Sunday, January 22, 2006

afterwords from Meeting

You know how when in Meeting for Worship (ok, for the non-Quakers out there you just have to trust me, it happens) you can be sitting in your own little world, or so it seems, and then someone stands and gives ministry on something related to what has been going through your head? It is what, for me, makes Meeting for Worship different from meditation (apart from the fact that I usually fall asleep when meditating but thankfully don't in Meeting, well not often anyway). Meeting for Worship is a collective rather than individual process, we are aiming to meet each other and the spirit (whoever/however we define that as) in a shared space, not creating our own cocoons around us.

Sometimes this can be very disconcerting and can lead to distinct feelings of paranoia - did I say that out loud? I don't think I did... do I really think that loudly? Oh heck, hope they didn't catch what went before that bit....! Other times it can be beautiful, developing a wonderful sense of interconnectedness and for me the image of a web of light reaching out to touch everyone in the room like the ball of string in one of the name games I've often played at youth events. Sometimes it can be frustrating, gently chiding, bringing you back to something you'd rather not dwell on, an uncomfortable truth, something you don't want to accept but know deep down that you have to. Then there are the tangental moments where they lead off on an angle you hadn't got to yet, or had on another occassion but hadn't made the connection between the two....

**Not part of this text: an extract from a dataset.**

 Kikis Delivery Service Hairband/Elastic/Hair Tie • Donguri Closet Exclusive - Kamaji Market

Today it was the latter for me. Before Meeting Jonathan and I were planning our first bible study group (gulp - next week! Yeah I know last minute etc but c'mon, if you know either of us is it really surprising?!). We are using as a starting point the sessions in a book by Mary Morrison on 'Approaching the Gospels' for the simple reasons that Ann leant it to us and neither of us had a better idea! Having realised that meeting once a month for an hour we weren't going to get through the whole of the Gospels in a year we picked out her 'essentials' and started from there, which means the first session will focus on John the Baptist, the baptism of Jesus and thus giving the rest (we hope!) a bit of context.

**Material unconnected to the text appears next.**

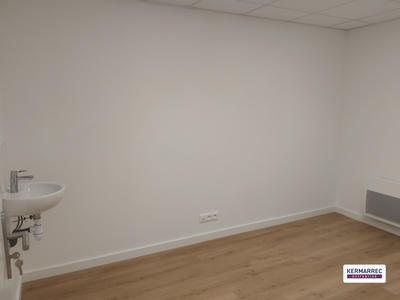 Bureau - 109 m²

The only piece of ministry this morning started off about baptism, the rather sad revelation that Betty didn't know who her godparents had been (apart from the fact that Morgan called me his fairy godmother he at least knows I am one of his!), but the main point of her ministry was about confirmation, confirming one's commitment to Jesus - or to our faith in general - and that this is something as Friends we have lost. Look at the early Friends and their commitment to their beliefs - apart from perhaps peace can we honestly say that aside from a dedicated few that Friends have that strength of commitment in their lives now? She recalled the hymn O Jesus I have promised (just where is the beautiful tune we sung at school? And why oh why do they have dodgy electric organs murdering these things online, give me a Father Willis organ anyday...) which had apparently been played on the radio this morning - a hymn which I really loved as a child, because of the tune rather than the words I suspect having just looked at them again, but the line that was going around in my head in the few minutes left after Betty had spoken was 'o speak, and make me listen'.

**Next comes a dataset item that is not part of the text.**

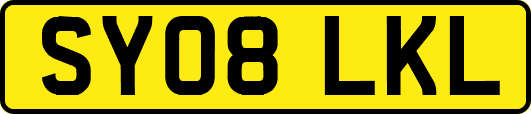 SY08LKL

This sense of lack of commitment, confirmation of belief, not listening to what god tells us and acting on it is a topic that seems to be a recurring theme within the Quaker blogosphere . The only ritual we have in confirming our commitment to Friends is membership - a controversial issue in many Meetings around the world, one often accompanied by much handwringing over falling membership numbers. Many liberal Quakers are uncomfortable with the idea of 'god telling' anyone to do anything, or even the idea of god. Being able to hear someone speak about what 'god wants' without cringing is still a relatively new thing for me, it sounds too human which is not how I perceive god at all.

But yes, I'm one of those who yearn for a more tangible outward expression of my faith than a 'Quakers for Peace' bumper sticker (especially as I don't drive), I don't want to be alone in trying to live my faith openly, and whilst I'm far from being happy with the idea of calling Jesus 'my Master and my friend' in what I perceive to be the conventional understanding of the line I can happily accept him as 'my teacher and my Friend' and be open to what Jesus has to say (or at least what the Gospels have to say!) in the same way as I'm open to what anyone else may have to say.

The only way though that I can 'promise to serve', to confirm any commitment to my faith is to confirm my commitment to my spiritual journey; to be open to the fact that my beliefs will evolve, that there is no end point of having 'got there', recognising that they have broadened and deepened with time. I can confirm my willingness to live out those beliefs as best I can, to keep making changes to my life because of them, but above all to make time to listen to that still small voice, not drown it out with being too busy doing, thinking, or jumping ahead of the gun at the faintest sound but waiting in the light to hear what is really being said. For me as someone who likes instant answers the waiting is the hardest part.

(hmmm, I wonder if I brought that Tom Petty album with me...)

Wednesday, January 18, 2006

doubts and queries?

Alice was saying in a recent blog how she finds the liberal constant doubting and questioning of Jesus annoying and shallow and it made me think again about my most recent doubts and queries...

But as with most of them on a biblical theme it isn't the teachings of Jesus I'm doubting and querying but the whole bible business and how it gets interpreted.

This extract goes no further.